> **Exercise data**:
----------

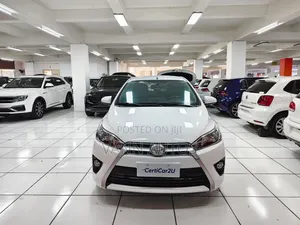 Toyota Yaris L Hatchback 5dr 2017 White
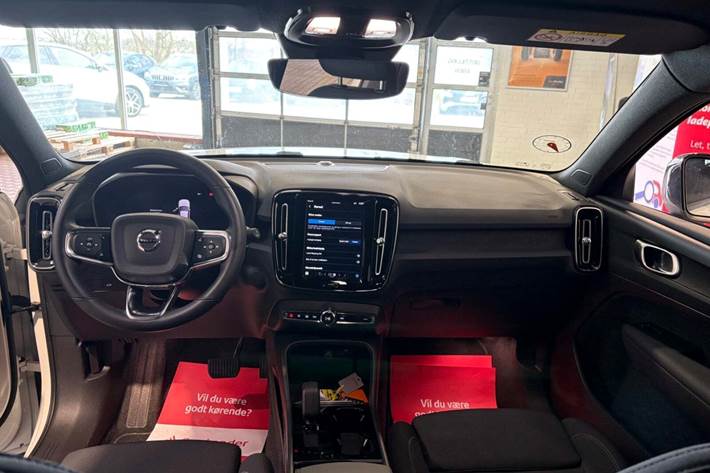 Hvid Volvo XC40 fra 2023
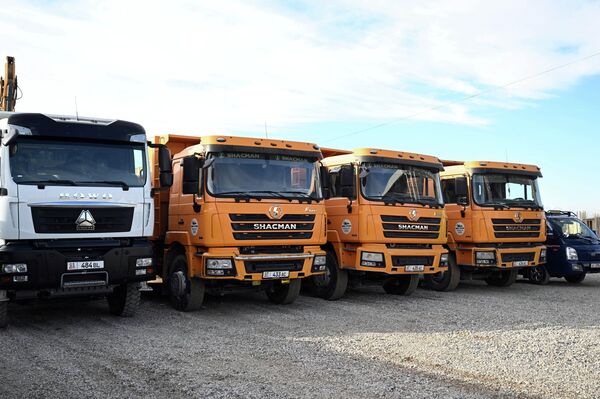 Өлкө башчы тиешелүү мамлекеттик органдардын жана курулуш компанияларынын өкүлдөрүн сапатка жооп берген имарат тургузууга чакырды - Sputnik Кыргызстан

----------

> **Work order**: After locating the line that contains "Hvid Volvo XC40 fra 2023", output it and all later lines through the end of the material exactly, leaving out pictures.

> **Response to this exercise**:
 Hvid Volvo XC40 fra 2023
 Өлкө башчы тиешелүү мамлекеттик органдардын жана курулуш компанияларынын өкүлдөрүн сапатка жооп берген имарат тургузууга чакырды - Sputnik Кыргызстан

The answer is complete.